The real difference: frontend vs full stack


Fullstory (or half the story?)

Fullstory captures what happens in the browser: clicks, page loads, DOM events. For understanding user flows and UX patterns, this is valuable. But when you're debugging a technical issue, you're missing the critical half: what happened in your backend.

When an API call fails, a database query times out, or a microservice throws an error, you're forced to:

  • Switch to your observability platform
  • Manually correlate timestamps
  • Hunt through logs to find the right data
  • Piece together context across multiple tools

Multiplayer: the actual full story

Multiplayer captures full stack session recordings by default. Every frontend action is automatically correlated with backend traces, logs, and request/response data, in a single, unified timeline.

When that checkout button fails, you see:

  • The user's click
  • The API request
  • The backend trace showing which service failed
  • The exact error message and stack trace
  • Request/response content and headers from internal service calls

No hunting. No manual correlation. No tool switching. Everything you need to fix the bug is in one place.

Real scenario: A user reports "payment failed" but your logs show a 200 response. With Multiplayer, you see: the button click, the API call to your payment service, the upstream call to Stripe, the 429 rate limit error from Stripe, and the incorrectly handled error response your service returned as a 200.

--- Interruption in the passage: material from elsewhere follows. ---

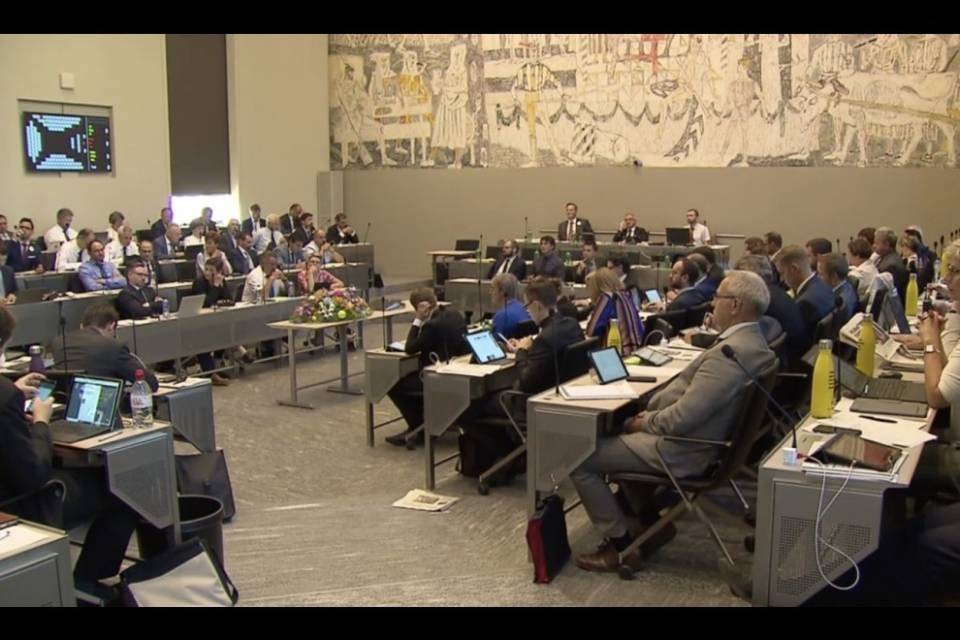 Verso la traduzione simultanea nel Parlamento retico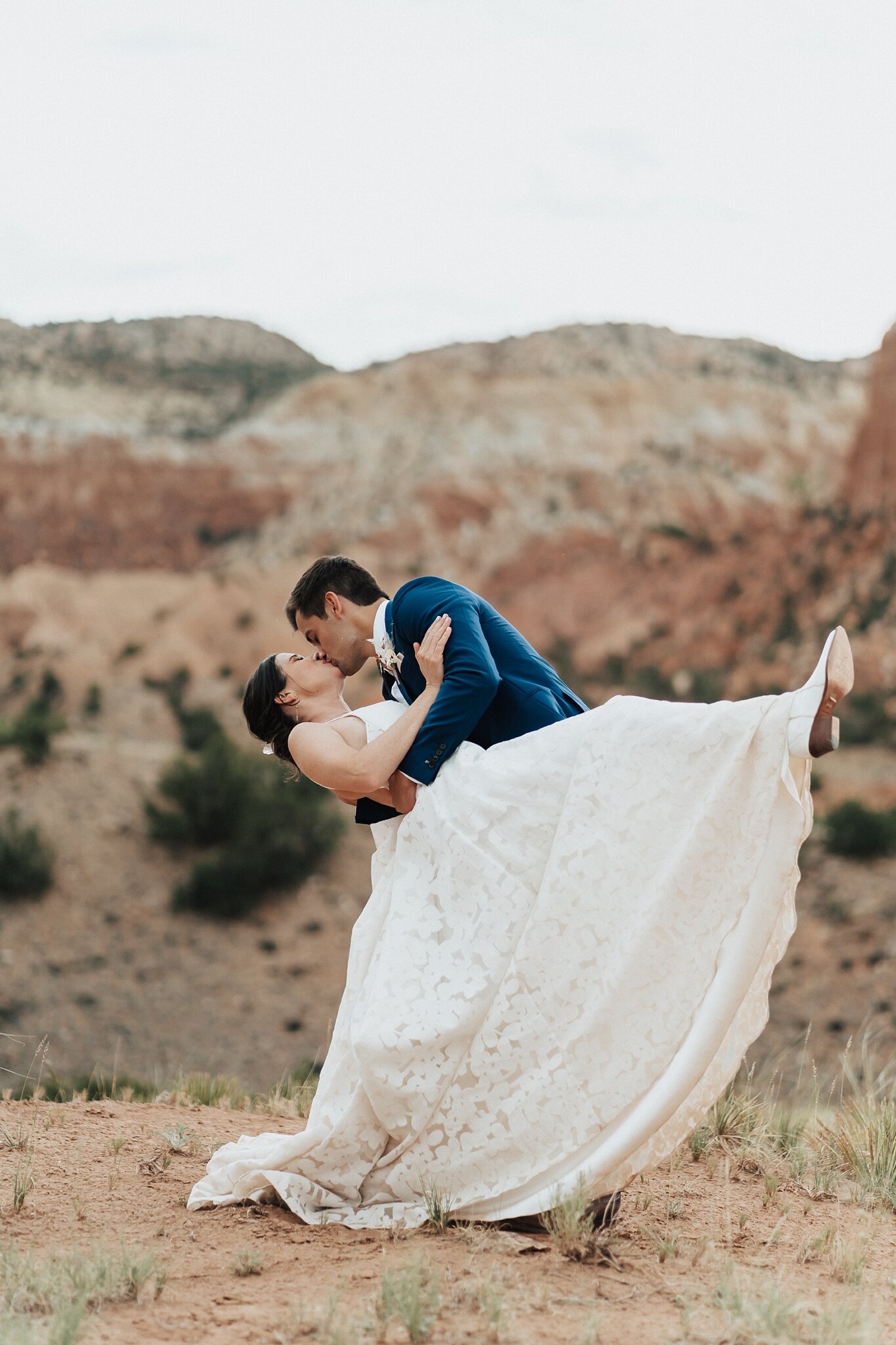 Alicia+lucia+photography+-+albuquerque+wedding+photographer+-+santa+fe+wedding+photography+-+new+mexico+wedding+photographer+-+new+mexico+wedding+-+ghost+ranch+-+santa+fe+wedding+-+ghost+ranch+wedding_0072.jpg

Recording control: always-on vs choose-your-adventure


Fullstory: Always-on recording via SDK

Fullstory uses always-on recording through its SDK: you're recording and storing everything, whether you need it or not. This works fine for aggregate analytics, but creates friction for debugging:

  • No granular control over when and which sessions to capture
  • Can't easily capture specific user cohorts or error scenarios
  • Limited to SDK installation (no browser extensions or widgets for end-users)

Multiplayer: record what you need, when you need it

Multiplayer offers three recording modes and three installation methods. It’s a choose-your-own-adventure approach that adapts to your teams’ workflows.

Recording modes:

  • On-demand: Start/stop recording manually. Perfect for reproducing specific bugs.
  • Continuous: Start/stop recording in the background during your entire working session. Great for development and QA to automatically save sessions with errors and exceptions.
  • Conditional: Silent capture of specific user cohorts or error conditions.

Installation methods:

  • In-app widget: Let users report issues with replays attached automatically, directly from your app
  • Browser extension: Quickly capture a bug, unexpected behavior, or new feature idea
  • SDK / CLI Apps: Full integration for programmatic control

Real scenario: Your support team gets a vague bug description. They ask the end-user to record a full stack session replay through the in-app widget. Support is able to fully understand the problem and they can reproduce the issue in 30 seconds. It’s immediately clear what the next steps (or possible fixes) are.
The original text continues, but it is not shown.